Covariance for Conic and Wedge Complete Filling

TL;DR

This paper reveals a covariance relation in three-dimensional fluid wetting phenomena, linking properties in wedge and cone geometries, which enhances understanding of interfacial behavior near critical points.

Contribution

It extends the concept of covariance from two-dimensional systems to three-dimensional geometries, providing new analytical relations and critical exponent insights for wetting phenomena.

Findings

Covariance relation holds in 3D wedge and cone geometries.

Valid for both short-ranged and long-ranged forces.

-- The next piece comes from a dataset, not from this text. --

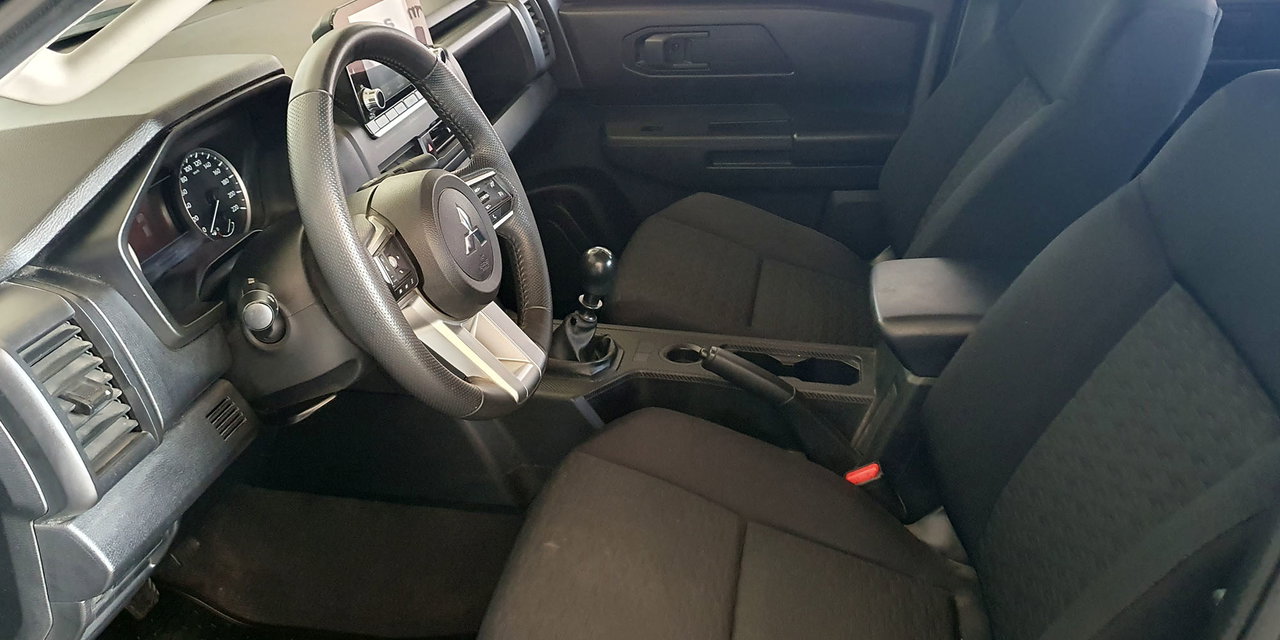 MITSUBISHI L200 - Imagen 23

Identifies critical exponents and amplitudes in confining geometries.

Abstract

Interfacial phenomena associated with fluid adsorption in two dimensional systems has recently been shown to exhibit hidden symmetries, or covariances, which precisely relate local adsorption properties in different confining geometries. We show that covariance also occurs in three dimensional systems and is likely to be verifiable experimentally and in Ising model simulations studies. Specifically, we study complete wetting in wedge (W) and cone (C) geometries as bulk coexistence is approached and show that the equilibrium mid-point heights satisfy $l_c (h,\alpha)=l_w(\frac{h}{2} ,\alpha),$ where $h$ measures the partial pressure and $\alpha$ is the tilt angle. This covariance is valid for both short-ranged and long-ranged intermolecular forces and identifies both leading and next-to-leading order critical exponents and amplitudes in the confining geometries. Connection with capillary condensation-like phenomena is also made.